Increasingly, through the 1840s and 50s, our family were living with the hazards of rudimentary drainage and a water supply that doesn't bear thinking about. As new streets of small houses continued to rise around them, effluent flowed freely into streams and rivers, or simply lay in pools and gutters. Any cesspits that there were, often overflowed. Any sewers built by the numerous property developers were random and uncoordinated, and all used the Thames and its tributaries, including the river Fleet, as the major disposal routes. So foul did the Thames become that by the middle of the century it was described as a "Stygian Lake". Nightsoil men, who had previously made a living collecting excrement and selling it for fertiliser, had been losing their livelihood since 1847 when guano began to be imported from South America. The result was that by 1850 much of the sewage generated by Londoners (who now numbered 2.5 million) was simply dumped in the streets. Anyone lucky enough to have a flushing lavatory (introduced in 1810) would simpy be adding to the general stink of Old Father Thames, whose water people drank. London by its sheer size and lack of organization was an extreme example of problems that were evident all over the country. In 1848-1849 there was a nationwide cholera epidemic in which 60,000 people died. Old James was one of them. After suffering from "Diarrhoea 9 days", he died of "Cholera Spasmodisa - 18 hours - Certified". A slow and miserable death for the old man. Despite growing evidence, the connection between clean drinking water and health was denied by many reformers. The theory of airborne infection still prevailed, with high-profile figures, including Florence Nightingale believing that all diseases came from the atmoshere. The great Victorian engineers and philanthropists that the situation demanded were yet to get into their strie.
James's death was registered by his daughter-in-law Elizabeth (either Elizabeth Emma nee Price, wife of Charles, or Elizabeth nee Blagdon, wife of James). Her home was just round the corner in Caroline Street. At the next Census (1851) we find widowed Mary supported by her son Henry, who is living with her and her granddaughter Mary Ann at 5 Camplin (formerly Garden) Cottages, Camden Street.

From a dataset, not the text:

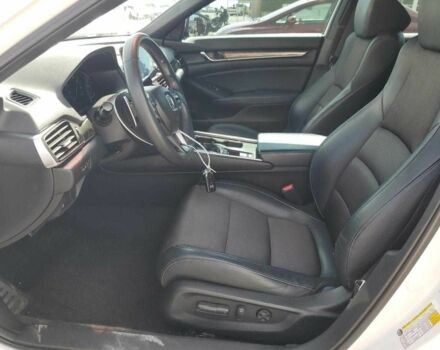 Білий Хонда Аккорд, об'ємом двигуна 1.5 л та пробігом 125 тис. км за 4500 $, фото 6 на Automoto.ua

Henry, who appears to have a sense of humour, describes himself in the Census as "professor of dogs' meat". (He went on to be one of the most successful of the Camplin brothers in his chosen trade). His brother William had been a seller of cats' meat in the 1830s and Henry already had two other brothers with experience as butchers. Mary Ann was by then 16 and performing "domestic duties". Mary, at 65 had not long left to live. Most of her children were now married and she had a number of grandchildren all livng not far away. But her eldest son William was dead. He, like his father, had died as a result of his living conditions. His story is a sad one.
William (born 21 January 1814) enters our story in The Times of January 1834, in a newspaper report said to have caused "an extraordinary sensation". William, a marine store dealer and cats' meat seller (combining the chosen trades of the Camplin brothers) was arrested, and charged at Kentish Town station-house with assaulting two policemen. This was remarkable to those who knew him since they considered him to be "of the most mild and inoffensive disposition". And they knew him well, since he had been selling cats' meat in Camden Town "for many years". Witnesses stated that the policemen had been completely drunk and had treated William with great brutality. This seems to have been quite true since the policemen were so inebriated that they were not in a fit state to appear at the police station on the evening when William was charged, and one of them was still too "ill" to attend court the next morning. Mysteriously, William was said to be "a complete cripple in the hands", perhaps due to some form of childhood paralysis, or (more likely) rheumatic fever. The crippling effect of this may have been somewhat exaggerated by William and his supporters, since he was able to ply his trades and look after his dog, which the policemen were said to have kicked. (We can imagine the dog trying to defend its master.) The policemen had originally objected to the dog standing beside William's barrow in the street, and one of them had knocked William's hat off. From there things went from bad to worse: one of the policemen hit William "a tremendous blow with his fist, while two other constables held him so that he had no means of defending himself". However, William "on rising, attempted to return the blow". A crowd had gathered and tried to rescue the prisoner - they "kicked the officers about in all directions". "The police, and also the prisoner, were much bruised". William was said by a witness to be sober, but "violent in his attempts to get away. He had cause to be so as the police used him so very cruelly".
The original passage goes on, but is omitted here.